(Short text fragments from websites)
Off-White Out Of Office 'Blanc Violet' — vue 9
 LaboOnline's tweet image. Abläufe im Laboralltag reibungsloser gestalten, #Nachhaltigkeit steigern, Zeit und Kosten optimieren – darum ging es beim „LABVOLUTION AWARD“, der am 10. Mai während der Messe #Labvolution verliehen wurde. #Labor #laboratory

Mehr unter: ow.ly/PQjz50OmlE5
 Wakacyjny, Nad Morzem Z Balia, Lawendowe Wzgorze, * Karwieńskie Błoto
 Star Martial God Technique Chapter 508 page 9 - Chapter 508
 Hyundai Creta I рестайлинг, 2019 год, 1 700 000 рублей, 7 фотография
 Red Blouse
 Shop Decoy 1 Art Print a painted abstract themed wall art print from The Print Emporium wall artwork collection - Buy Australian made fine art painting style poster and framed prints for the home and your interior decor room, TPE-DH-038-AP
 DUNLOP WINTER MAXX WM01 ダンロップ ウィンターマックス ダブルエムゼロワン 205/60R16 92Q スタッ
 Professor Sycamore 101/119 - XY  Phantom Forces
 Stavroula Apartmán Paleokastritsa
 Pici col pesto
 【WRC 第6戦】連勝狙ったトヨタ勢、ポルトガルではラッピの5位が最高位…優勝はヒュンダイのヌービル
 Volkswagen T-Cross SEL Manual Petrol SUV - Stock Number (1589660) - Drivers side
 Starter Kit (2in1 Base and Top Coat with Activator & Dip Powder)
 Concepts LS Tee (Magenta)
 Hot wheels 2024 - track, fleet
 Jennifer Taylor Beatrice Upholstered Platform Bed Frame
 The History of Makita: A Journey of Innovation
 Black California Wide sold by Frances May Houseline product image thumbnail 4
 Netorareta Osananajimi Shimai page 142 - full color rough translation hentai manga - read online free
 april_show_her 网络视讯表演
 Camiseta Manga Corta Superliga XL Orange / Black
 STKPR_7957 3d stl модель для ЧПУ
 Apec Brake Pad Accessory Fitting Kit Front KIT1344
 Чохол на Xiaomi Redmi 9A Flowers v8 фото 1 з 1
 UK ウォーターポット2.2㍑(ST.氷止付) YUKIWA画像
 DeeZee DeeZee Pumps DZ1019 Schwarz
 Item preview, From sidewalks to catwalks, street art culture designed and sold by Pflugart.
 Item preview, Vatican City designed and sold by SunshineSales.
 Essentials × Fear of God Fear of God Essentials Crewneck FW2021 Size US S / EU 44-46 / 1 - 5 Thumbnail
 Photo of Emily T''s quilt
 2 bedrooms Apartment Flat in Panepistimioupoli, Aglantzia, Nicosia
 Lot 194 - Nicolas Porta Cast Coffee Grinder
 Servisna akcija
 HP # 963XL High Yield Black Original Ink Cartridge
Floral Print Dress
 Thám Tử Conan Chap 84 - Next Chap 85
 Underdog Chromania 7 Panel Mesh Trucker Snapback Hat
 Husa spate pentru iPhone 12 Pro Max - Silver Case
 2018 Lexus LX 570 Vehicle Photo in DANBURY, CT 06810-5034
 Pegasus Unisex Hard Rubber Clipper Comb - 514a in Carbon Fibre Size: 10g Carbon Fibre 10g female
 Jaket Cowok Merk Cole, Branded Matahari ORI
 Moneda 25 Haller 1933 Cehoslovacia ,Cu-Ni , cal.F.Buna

# Problem to work on
Word for word, copy out the data.

# Response for this exercise
Off-White Out Of Office 'Blanc Violet' — vue 9
 LaboOnline's tweet image. Abläufe im Laboralltag reibungsloser gestalten, #Nachhaltigkeit steigern, Zeit und Kosten optimieren – darum ging es beim „LABVOLUTION AWARD“, der am 10. Mai während der Messe #Labvolution verliehen wurde. #Labor #laboratory

Mehr unter: ow.ly/PQjz50OmlE5
 Wakacyjny, Nad Morzem Z Balia, Lawendowe Wzgorze, * Karwieńskie Błoto
 Star Martial God Technique Chapter 508 page 9 - Chapter 508
 Hyundai Creta I рестайлинг, 2019 год, 1 700 000 рублей, 7 фотография
 Red Blouse
 Shop Decoy 1 Art Print a painted abstract themed wall art print from The Print Emporium wall artwork collection - Buy Australian made fine art painting style poster and framed prints for the home and your interior decor room, TPE-DH-038-AP
 DUNLOP WINTER MAXX WM01 ダンロップ ウィンターマックス ダブルエムゼロワン 205/60R16 92Q スタッ
 Professor Sycamore 101/119 - XY  Phantom Forces
 Stavroula Apartmán Paleokastritsa
 Pici col pesto
 【WRC 第6戦】連勝狙ったトヨタ勢、ポルトガルではラッピの5位が最高位…優勝はヒュンダイのヌービル
 Volkswagen T-Cross SEL Manual Petrol SUV - Stock Number (1589660) - Drivers side
 Starter Kit (2in1 Base and Top Coat with Activator & Dip Powder)
 Concepts LS Tee (Magenta)
 Hot wheels 2024 - track, fleet
 Jennifer Taylor Beatrice Upholstered Platform Bed Frame
 The History of Makita: A Journey of Innovation
 Black California Wide sold by Frances May Houseline product image thumbnail 4
 Netorareta Osananajimi Shimai page 142 - full color rough translation hentai manga - read online free
 april_show_her 网络视讯表演
 Camiseta Manga Corta Superliga XL Orange / Black
 STKPR_7957 3d stl модель для ЧПУ
 Apec Brake Pad Accessory Fitting Kit Front KIT1344
 Чохол на Xiaomi Redmi 9A Flowers v8 фото 1 з 1
 UK ウォーターポット2.2㍑(ST.氷止付) YUKIWA画像
 DeeZee DeeZee Pumps DZ1019 Schwarz
 Item preview, From sidewalks to catwalks, street art culture designed and sold by Pflugart.
 Item preview, Vatican City designed and sold by SunshineSales.
 Essentials × Fear of God Fear of God Essentials Crewneck FW2021 Size US S / EU 44-46 / 1 - 5 Thumbnail
 Photo of Emily T''s quilt
 2 bedrooms Apartment Flat in Panepistimioupoli, Aglantzia, Nicosia
 Lot 194 - Nicolas Porta Cast Coffee Grinder
 Servisna akcija
 HP # 963XL High Yield Black Original Ink Cartridge
Floral Print Dress
 Thám Tử Conan Chap 84 - Next Chap 85
 Underdog Chromania 7 Panel Mesh Trucker Snapback Hat
 Husa spate pentru iPhone 12 Pro Max - Silver Case
 2018 Lexus LX 570 Vehicle Photo in DANBURY, CT 06810-5034
 Pegasus Unisex Hard Rubber Clipper Comb - 514a in Carbon Fibre Size: 10g Carbon Fibre 10g female
 Jaket Cowok Merk Cole, Branded Matahari ORI
 Moneda 25 Haller 1933 Cehoslovacia ,Cu-Ni , cal.F.Buna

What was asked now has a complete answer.